*Records to use*

****************

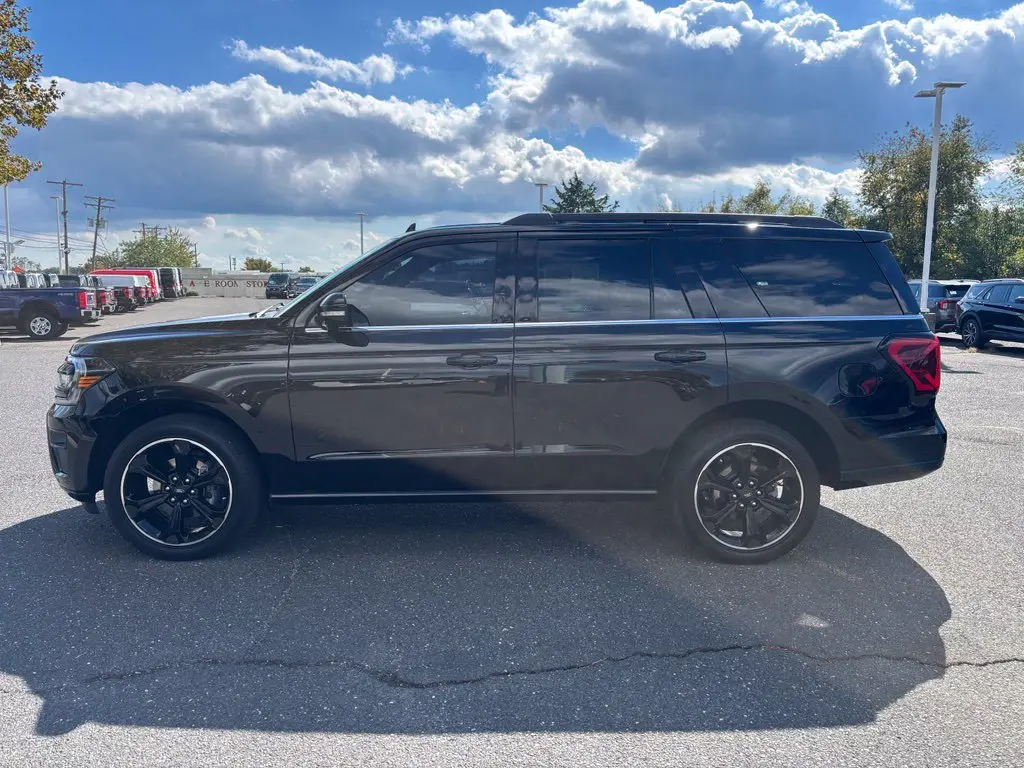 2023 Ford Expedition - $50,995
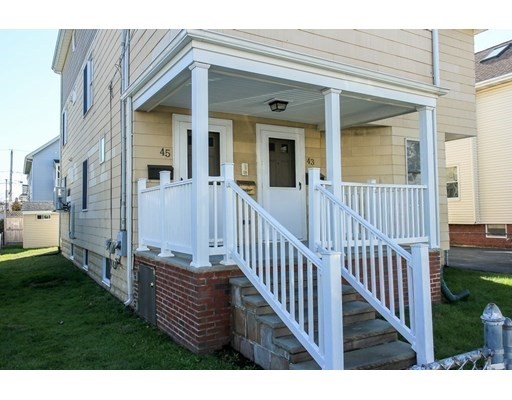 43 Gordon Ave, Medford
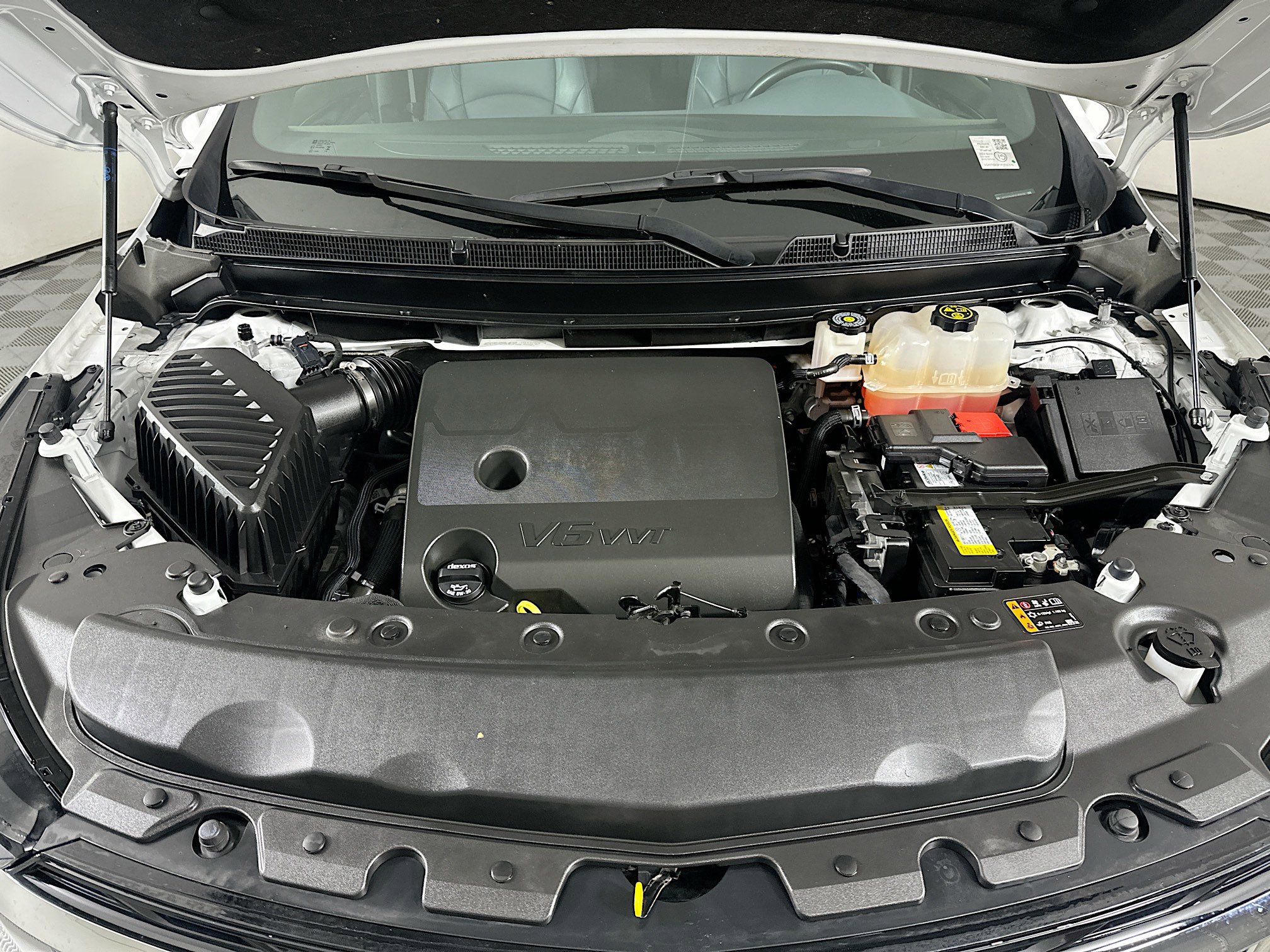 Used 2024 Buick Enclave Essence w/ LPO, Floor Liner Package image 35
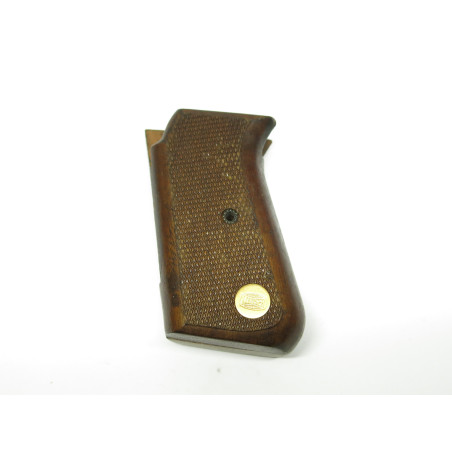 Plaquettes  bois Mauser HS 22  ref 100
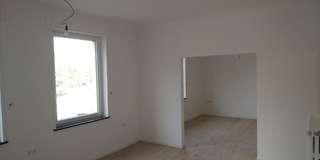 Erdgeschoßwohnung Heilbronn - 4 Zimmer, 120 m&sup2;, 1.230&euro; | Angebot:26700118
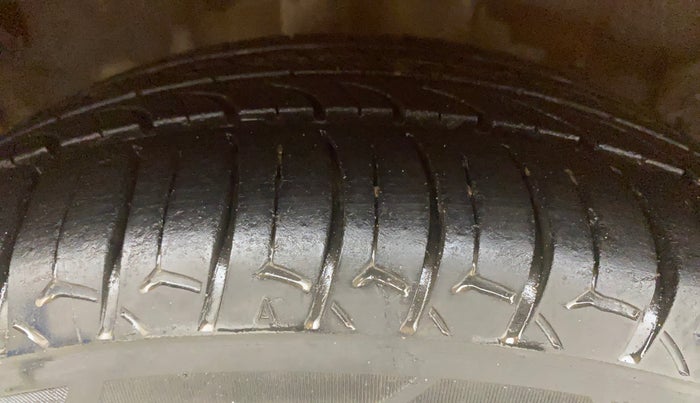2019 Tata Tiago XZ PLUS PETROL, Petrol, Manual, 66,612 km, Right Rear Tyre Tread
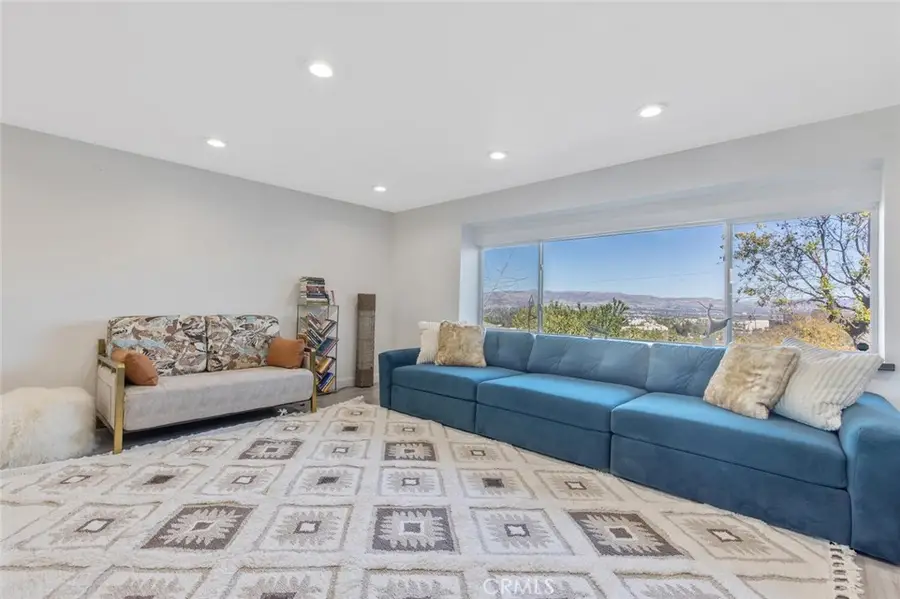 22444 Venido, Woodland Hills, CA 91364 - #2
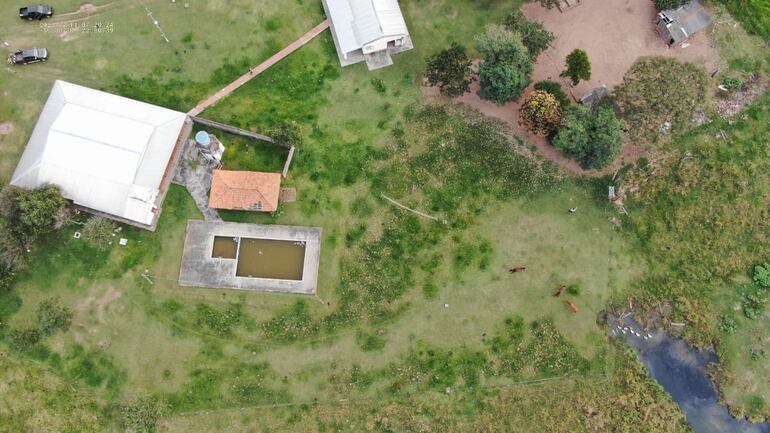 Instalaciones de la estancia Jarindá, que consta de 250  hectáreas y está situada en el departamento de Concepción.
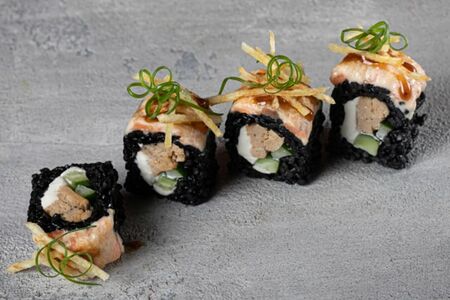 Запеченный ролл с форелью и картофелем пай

****************

*Activity*
The complete listing must be transcribed verbatim, and all pictures are to be omitted.

*Response for this exercise*
 2023 Ford Expedition - $50,995
 43 Gordon Ave, Medford
 Used 2024 Buick Enclave Essence w/ LPO, Floor Liner Package image 35
 Plaquettes  bois Mauser HS 22  ref 100
 Erdgeschoßwohnung Heilbronn - 4 Zimmer, 120 m&sup2;, 1.230&euro; | Angebot:26700118
2019 Tata Tiago XZ PLUS PETROL, Petrol, Manual, 66,612 km, Right Rear Tyre Tread
 22444 Venido, Woodland Hills, CA 91364 - #2
 Instalaciones de la estancia Jarindá, que consta de 250  hectáreas y está situada en el departamento de Concepción.
 Запеченный ролл с форелью и картофелем пай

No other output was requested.